Une personne sur cinq aurait souffert de problèmes psychiques…
L.M. Ce chiffre n’est pas loin de la prévalence de l’ensemble des troubles psychiques ressentis sur une vie entière, notamment lors de la perte d’un emploi, des troubles bipolaires, des dépressions, etc. Cela me semble un chiffre acceptable.
Et quid de la différence entre les hommes et les femmes qui sont réputées plus sensibles ?

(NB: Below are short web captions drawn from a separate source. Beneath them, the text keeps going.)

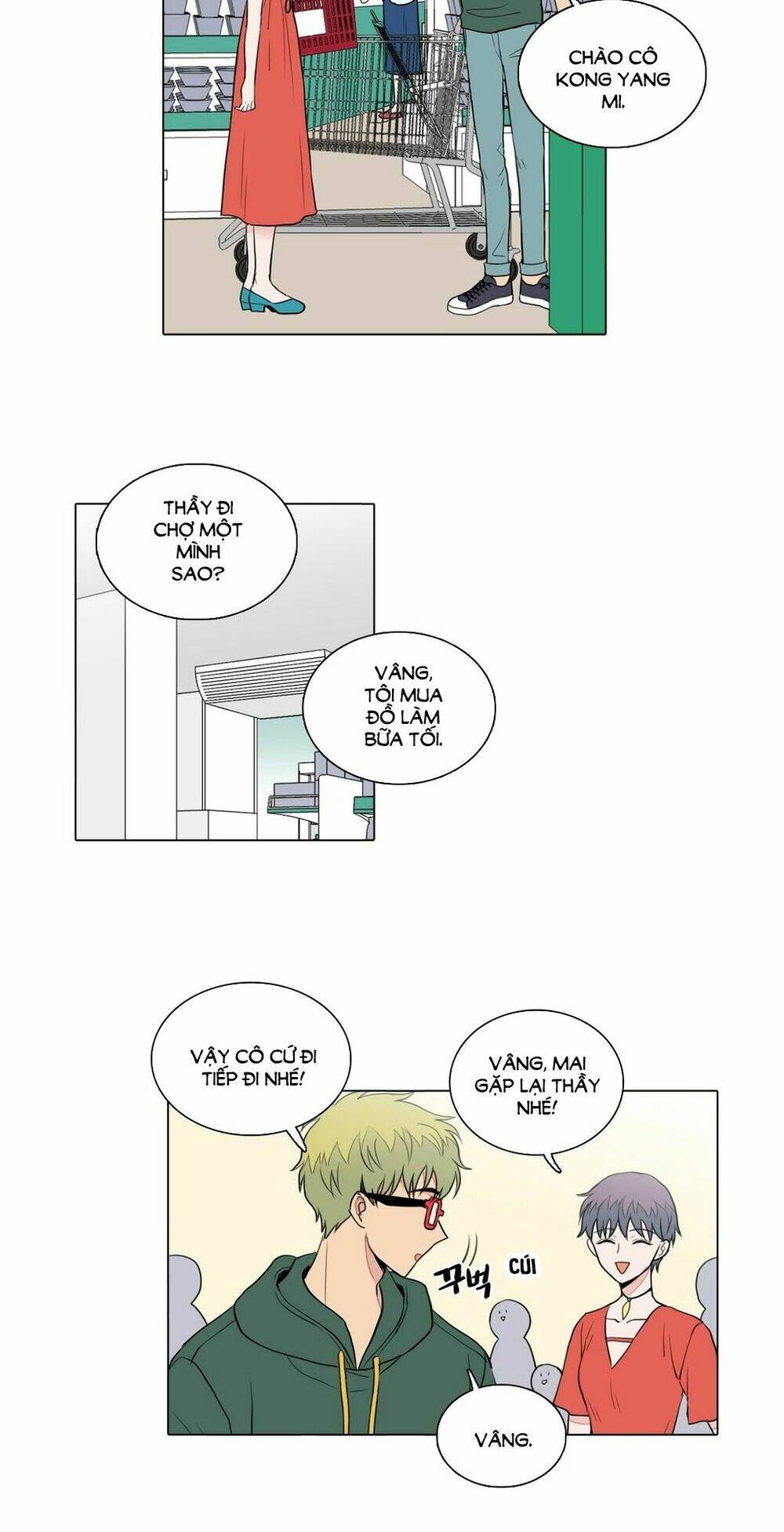 cậu nhóc tiểu học mà tôi yêu! chapter 36 8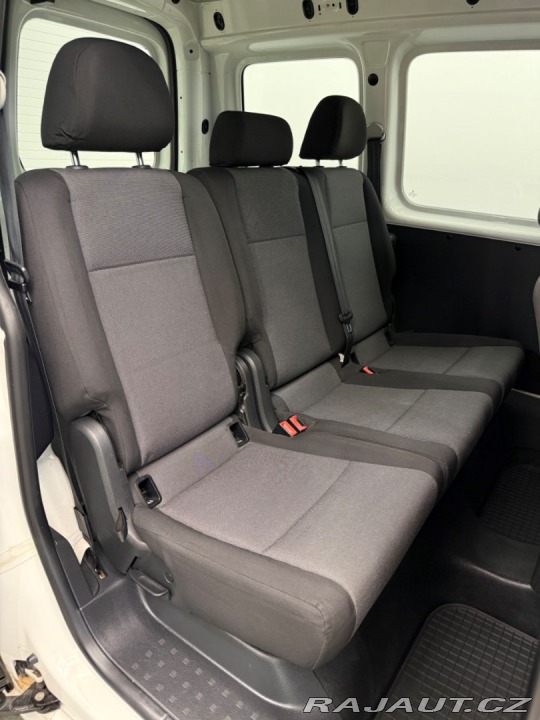 Volkswagen Caddy Basis 2.0 TDI BMT/ 1.mat 2018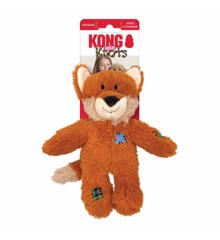 KONG - Wild Knots Fox Squeak Toy S/M (634.7374)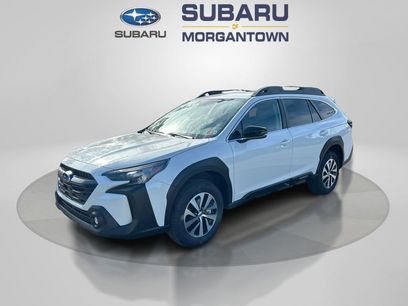 New 2025 Subaru Outback Premium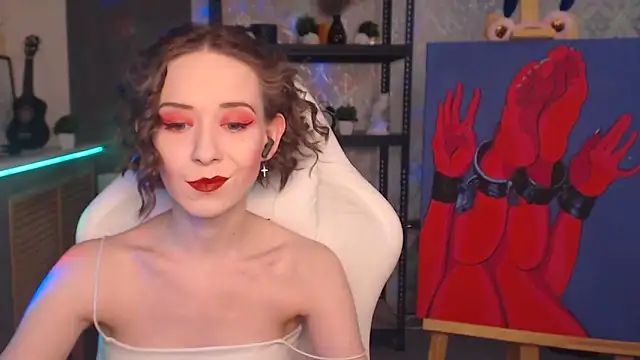 FascinatingEyess online show from 02.06.26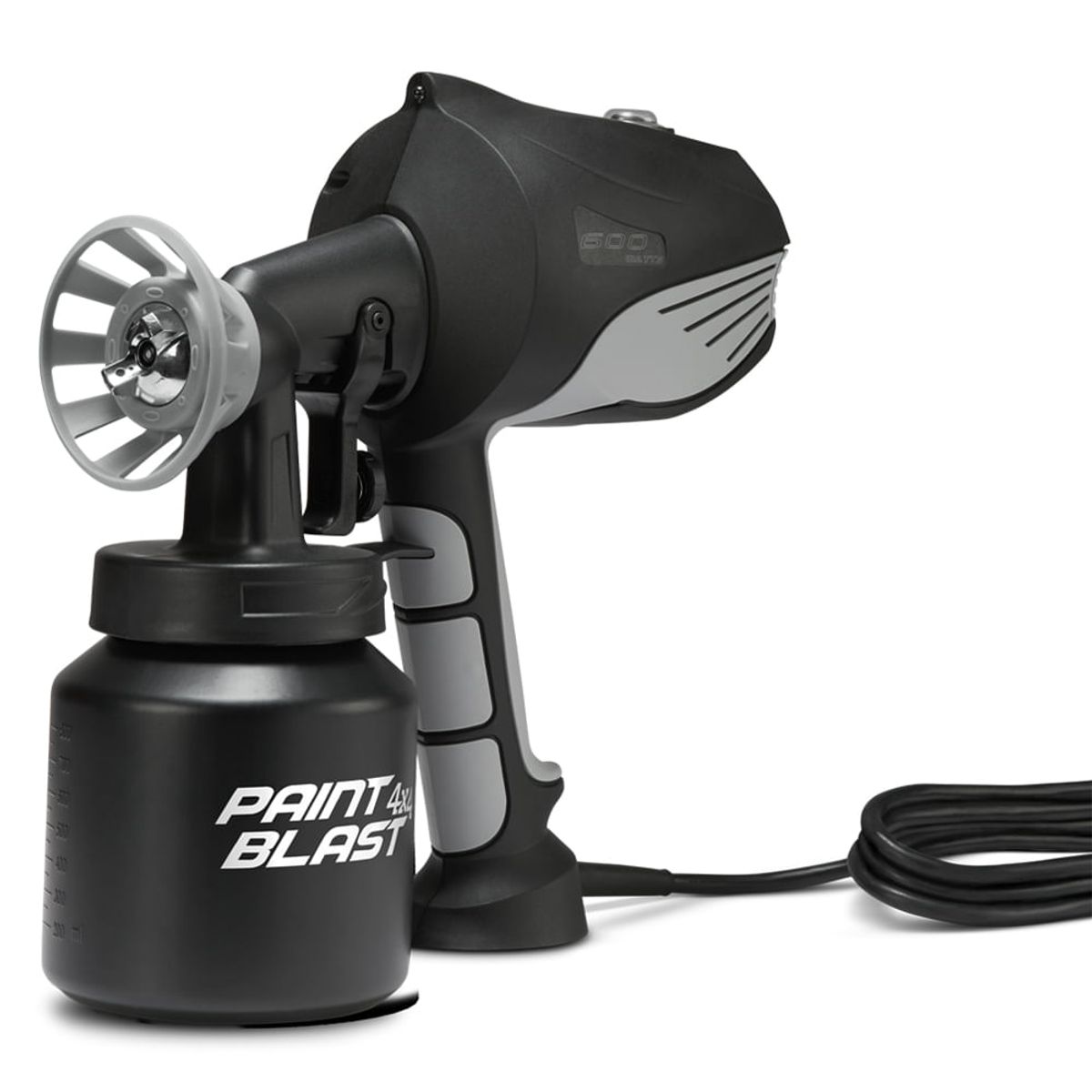 PAINT BLAST 4X4 MAX - Equipo Pistola Electrica Para Pintar Paint Blast 4x4 Max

L.M. : Sont-elles plus fragiles ou expriment-elles plus facilement les troubles anxieux ? Pour des raisons d’organisation sociale, la parité n’a pas été totalement respectée dans bien des familles. Les femmes ont payé un tribu plus fort, sans parler des violences conjugales.
Comment soigne-t-on les victimes des troubles ?
L.M. : L’idée va être de dépister les souffrances et d’orienter les personnes concernées. Le site Covid-Out permet de désigner des types d’auto-aide : des programmes de relaxation avec possibilité d’abonnement, des conseils sur le sommeil, etc. Elle permet aussi de s’auto-évaluer et de reprendre confiance. Pour les cas extrêmes, Covid-Out donne des numéros de téléphone pour rechercher de l’aide. A l’avenir elle offrira une entrée dans des programmes de soins. Il faut constituer des réseaux communautaires pour échanger. Il importe d’exprimer son angoisse, de ne pas refouler ses impressions avec ou sans encadrement professionnel. L’idée est qu’il faut tourner la page, tout en essayant de tirer les leçons du passé. C’est le côté positif, même si la crise a constitué un révélateur de la société et de ses inégalités.